--- Entries provided Enclosed Below ---

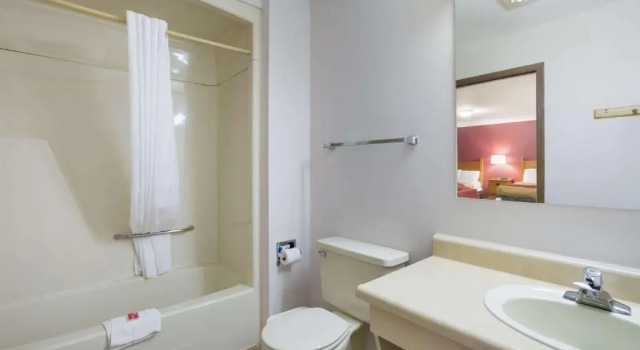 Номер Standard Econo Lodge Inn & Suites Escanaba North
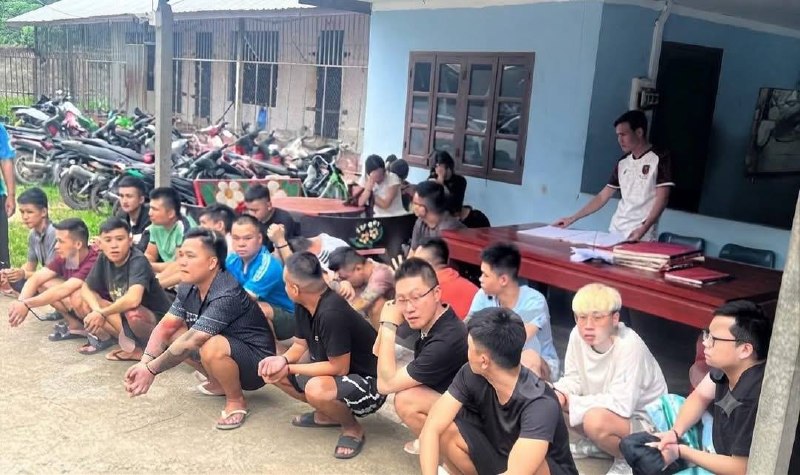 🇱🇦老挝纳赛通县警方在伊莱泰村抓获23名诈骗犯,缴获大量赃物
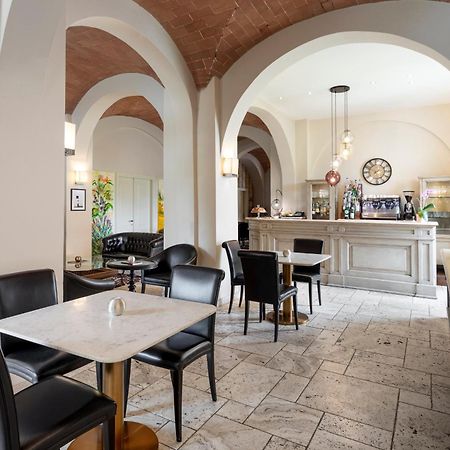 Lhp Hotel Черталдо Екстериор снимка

--- End of Enclosed Entries provided ---
--- Entries provided Enclosed Below ---

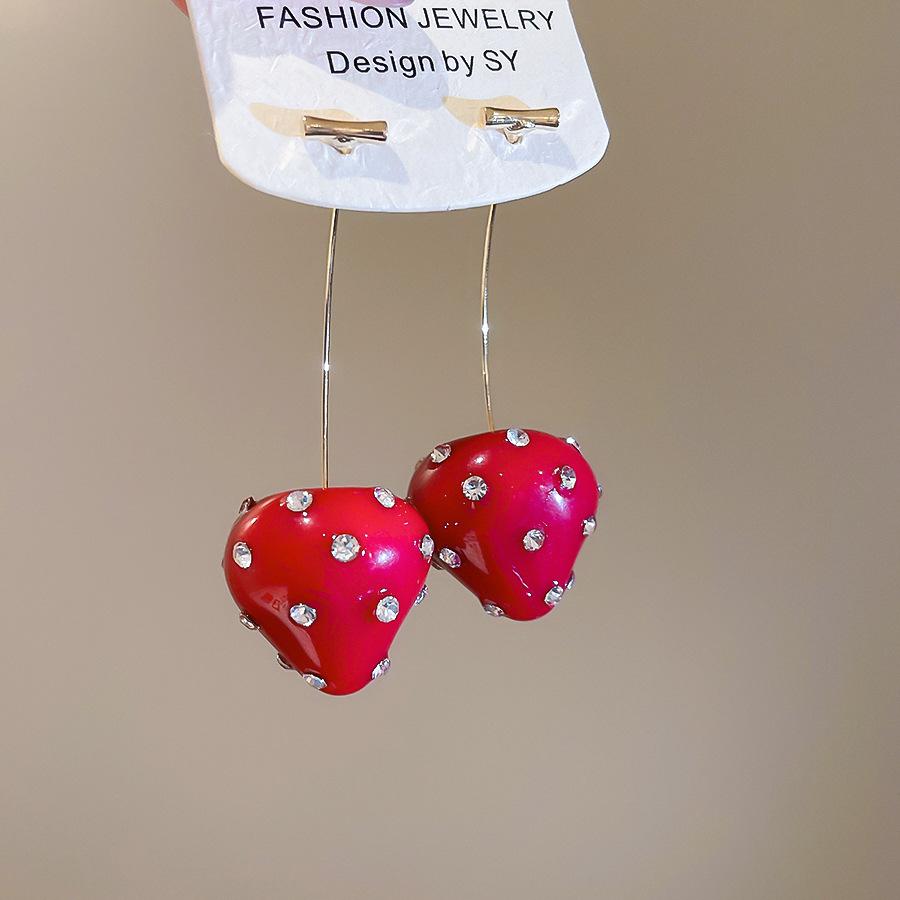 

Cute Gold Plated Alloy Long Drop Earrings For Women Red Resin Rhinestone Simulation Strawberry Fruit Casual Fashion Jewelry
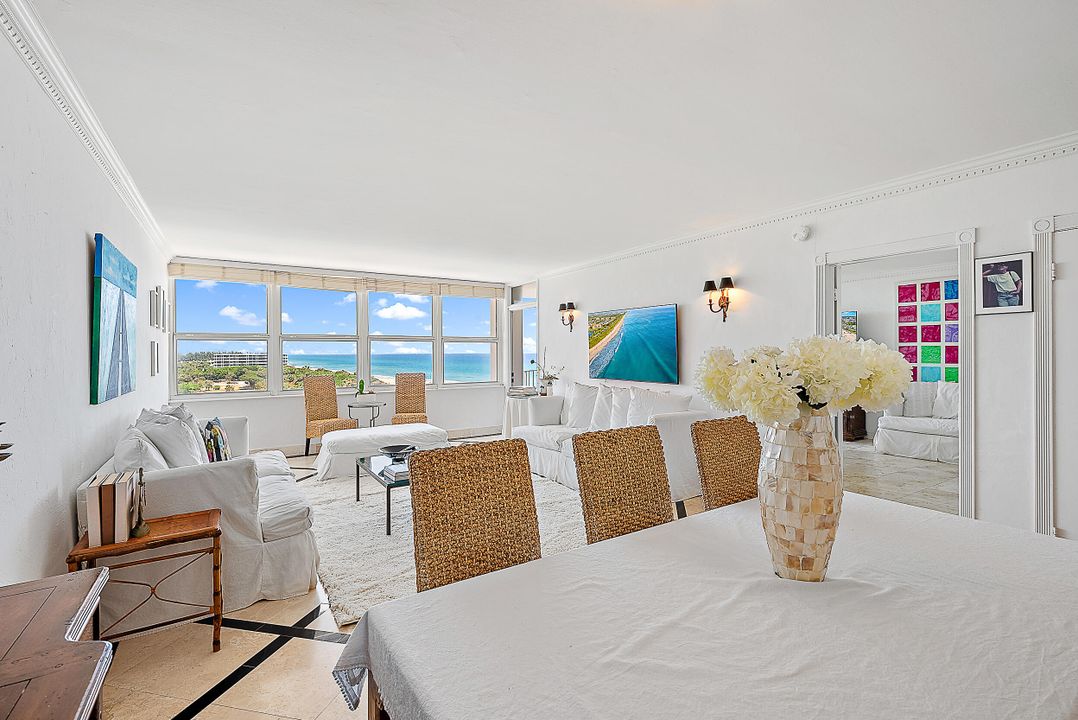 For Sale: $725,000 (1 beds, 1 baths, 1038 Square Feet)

--- End of Enclosed Entries provided ---

Assignment - Starting with the line that has "Номер Standard Econo" and going on through the line that has "Lhp Hotel Черталдо Екстериор снимка", transcribe the records above exactly, but skip the pictures.

Solution for this problem -
 Номер Standard Econo Lodge Inn & Suites Escanaba North
 🇱🇦老挝纳赛通县警方在伊莱泰村抓获23名诈骗犯,缴获大量赃物
 Lhp Hotel Черталдо Екстериор снимка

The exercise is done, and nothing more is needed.